What we are seeing at the moment in Fiji is a re-assertion of chiefly control of political power, with the military and political elites working closely together.
Ratu Epeli Nailatikau is moving to assert his chiefly authority over the many chiefs of the Bau Confederacy, and has called a gathering of all those chiefs to elect and install a new Vunivalu, or paramount chief. The position has been vacant for some years since the death of his uncle, Ratu Sir George Cakobau, another previous Governor General.
If Ratu Epeli Nailatikau is elevated to that high status, then he will become the centre of political power in Fiji for many years to come, and a stabilising influence.

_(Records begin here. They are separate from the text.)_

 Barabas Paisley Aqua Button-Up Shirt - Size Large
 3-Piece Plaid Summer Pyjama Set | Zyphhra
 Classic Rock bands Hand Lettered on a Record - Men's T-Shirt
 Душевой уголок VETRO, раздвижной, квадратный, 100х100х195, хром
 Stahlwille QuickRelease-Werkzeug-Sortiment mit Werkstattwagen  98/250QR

There are however four other eligible male candidates for Vunivalu, including Ratu Epeli's younger brother, Ratu Tauakitau, and whoever is chosen will become that powerful stabilising influence.

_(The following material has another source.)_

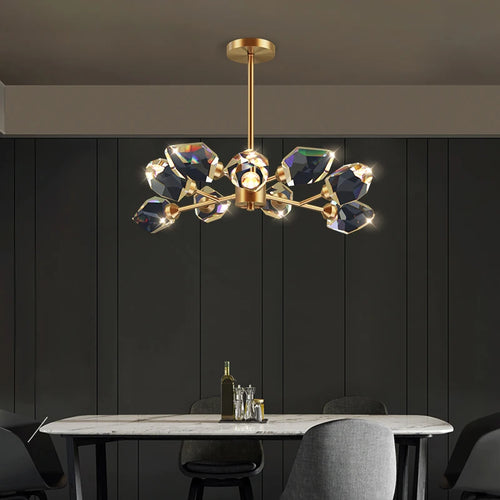 lustre en cristal et cuivre style art déco design moderne - vue 6 sur 22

Notwithstanding that, the whole Qarase government is committed to the paramountcy of indigenous Fijians in their own country, but mindful of their need to treat fairly with the Indo-Fijians. Their immediate tasks however are to remove the causes of Fijian revolutionary fervour, to promote national reconciliation, and to start the economic recovery.
Major General (retired) Sitiveni Rabuka will likely remain a key figure for some years to come, both as the present chairman of the Great Council of Chiefs, and in other roles in the future.
We should also watch the career of Lieutenant Colonel Phillip Tarakinikini. He is a graduate of the Royal Military Academy at Sandhurst, and of the British Staff College at Camberley. He served as a junior officer in the Meridian Squadron. Ironically he was trained by coup leader Ilisoni Ligairi, and was named by George Speight as the new Commander of the Military. Tarakinikini also served as commander of the Fijian battalion in the Lebanon, and as a UN military observer during the Russian withrawal from Afghanistan.
He has as much experience, and is as capable as any officer of similar rank in any army. He is also highly intelligent. Although not of chiefly status himself, he is highly respected by his chiefs and people, who often seek his advice.
There is a new national leadership being prepared in Fiji, and these will be some of the key players who will fill the political vacuum left by the generation represented by Ratu Sir Kamisese Mara, the late Ratu Sir Penaia Ganilau, and the late Ratu Sir George Cakobau.